* Exercise brief *
All lines from the one that mentions "LOUIS VUITTON Карманный" through the last of the entries below must be copied exactly, with both ends kept.

Content starts

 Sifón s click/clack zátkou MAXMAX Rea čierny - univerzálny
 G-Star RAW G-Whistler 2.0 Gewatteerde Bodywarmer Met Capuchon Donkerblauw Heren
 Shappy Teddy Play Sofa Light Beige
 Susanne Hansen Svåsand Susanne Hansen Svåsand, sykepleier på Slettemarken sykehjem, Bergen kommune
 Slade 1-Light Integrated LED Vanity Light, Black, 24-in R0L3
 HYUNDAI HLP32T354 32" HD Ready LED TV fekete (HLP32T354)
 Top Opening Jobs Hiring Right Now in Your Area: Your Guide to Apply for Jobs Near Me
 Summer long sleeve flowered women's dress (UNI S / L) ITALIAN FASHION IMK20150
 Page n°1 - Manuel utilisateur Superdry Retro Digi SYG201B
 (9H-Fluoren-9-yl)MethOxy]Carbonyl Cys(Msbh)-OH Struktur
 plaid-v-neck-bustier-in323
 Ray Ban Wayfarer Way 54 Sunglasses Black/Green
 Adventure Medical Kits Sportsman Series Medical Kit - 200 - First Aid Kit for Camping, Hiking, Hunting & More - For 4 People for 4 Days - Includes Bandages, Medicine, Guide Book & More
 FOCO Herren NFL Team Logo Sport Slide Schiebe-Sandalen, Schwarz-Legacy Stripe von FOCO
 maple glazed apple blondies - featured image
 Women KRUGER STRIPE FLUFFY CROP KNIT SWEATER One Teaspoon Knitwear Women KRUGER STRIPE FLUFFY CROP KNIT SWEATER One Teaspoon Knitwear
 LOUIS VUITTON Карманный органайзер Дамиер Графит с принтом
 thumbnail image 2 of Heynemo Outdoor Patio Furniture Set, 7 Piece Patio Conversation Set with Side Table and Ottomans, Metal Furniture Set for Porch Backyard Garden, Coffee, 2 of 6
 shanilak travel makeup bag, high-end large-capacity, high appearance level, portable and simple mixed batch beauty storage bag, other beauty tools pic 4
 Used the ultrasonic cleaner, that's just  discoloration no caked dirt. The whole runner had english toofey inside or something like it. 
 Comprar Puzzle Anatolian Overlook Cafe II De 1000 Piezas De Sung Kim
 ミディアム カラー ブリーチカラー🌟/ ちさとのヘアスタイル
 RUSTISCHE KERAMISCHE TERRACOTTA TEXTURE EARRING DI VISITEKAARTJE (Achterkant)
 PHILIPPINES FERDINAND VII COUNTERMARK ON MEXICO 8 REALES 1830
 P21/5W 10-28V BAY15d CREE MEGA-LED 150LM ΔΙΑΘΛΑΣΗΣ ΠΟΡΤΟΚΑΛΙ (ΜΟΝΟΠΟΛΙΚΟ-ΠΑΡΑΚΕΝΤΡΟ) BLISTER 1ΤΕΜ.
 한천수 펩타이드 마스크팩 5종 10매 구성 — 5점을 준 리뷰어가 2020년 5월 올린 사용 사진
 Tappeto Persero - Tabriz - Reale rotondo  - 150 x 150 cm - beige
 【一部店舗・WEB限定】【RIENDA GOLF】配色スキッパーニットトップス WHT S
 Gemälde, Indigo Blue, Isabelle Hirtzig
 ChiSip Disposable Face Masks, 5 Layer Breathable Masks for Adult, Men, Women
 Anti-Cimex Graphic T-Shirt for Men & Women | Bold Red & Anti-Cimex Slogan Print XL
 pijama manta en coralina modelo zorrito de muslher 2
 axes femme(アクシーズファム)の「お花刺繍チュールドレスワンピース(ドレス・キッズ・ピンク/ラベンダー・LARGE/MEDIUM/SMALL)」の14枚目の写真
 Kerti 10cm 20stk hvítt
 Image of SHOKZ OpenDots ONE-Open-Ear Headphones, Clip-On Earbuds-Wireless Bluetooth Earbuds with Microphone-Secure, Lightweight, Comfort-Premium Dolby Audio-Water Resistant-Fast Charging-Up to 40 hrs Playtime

Content ends

* Task solution *
 LOUIS VUITTON Карманный органайзер Дамиер Графит с принтом
 thumbnail image 2 of Heynemo Outdoor Patio Furniture Set, 7 Piece Patio Conversation Set with Side Table and Ottomans, Metal Furniture Set for Porch Backyard Garden, Coffee, 2 of 6
 shanilak travel makeup bag, high-end large-capacity, high appearance level, portable and simple mixed batch beauty storage bag, other beauty tools pic 4
 Used the ultrasonic cleaner, that's just  discoloration no caked dirt. The whole runner had english toofey inside or something like it. 
 Comprar Puzzle Anatolian Overlook Cafe II De 1000 Piezas De Sung Kim
 ミディアム カラー ブリーチカラー🌟/ ちさとのヘアスタイル
 RUSTISCHE KERAMISCHE TERRACOTTA TEXTURE EARRING DI VISITEKAARTJE (Achterkant)
 PHILIPPINES FERDINAND VII COUNTERMARK ON MEXICO 8 REALES 1830
 P21/5W 10-28V BAY15d CREE MEGA-LED 150LM ΔΙΑΘΛΑΣΗΣ ΠΟΡΤΟΚΑΛΙ (ΜΟΝΟΠΟΛΙΚΟ-ΠΑΡΑΚΕΝΤΡΟ) BLISTER 1ΤΕΜ.
 한천수 펩타이드 마스크팩 5종 10매 구성 — 5점을 준 리뷰어가 2020년 5월 올린 사용 사진
 Tappeto Persero - Tabriz - Reale rotondo  - 150 x 150 cm - beige
 【一部店舗・WEB限定】【RIENDA GOLF】配色スキッパーニットトップス WHT S
 Gemälde, Indigo Blue, Isabelle Hirtzig
 ChiSip Disposable Face Masks, 5 Layer Breathable Masks for Adult, Men, Women
 Anti-Cimex Graphic T-Shirt for Men & Women | Bold Red & Anti-Cimex Slogan Print XL
 pijama manta en coralina modelo zorrito de muslher 2
 axes femme(アクシーズファム)の「お花刺繍チュールドレスワンピース(ドレス・キッズ・ピンク/ラベンダー・LARGE/MEDIUM/SMALL)」の14枚目の写真
 Kerti 10cm 20stk hvítt
 Image of SHOKZ OpenDots ONE-Open-Ear Headphones, Clip-On Earbuds-Wireless Bluetooth Earbuds with Microphone-Secure, Lightweight, Comfort-Premium Dolby Audio-Water Resistant-Fast Charging-Up to 40 hrs Playtime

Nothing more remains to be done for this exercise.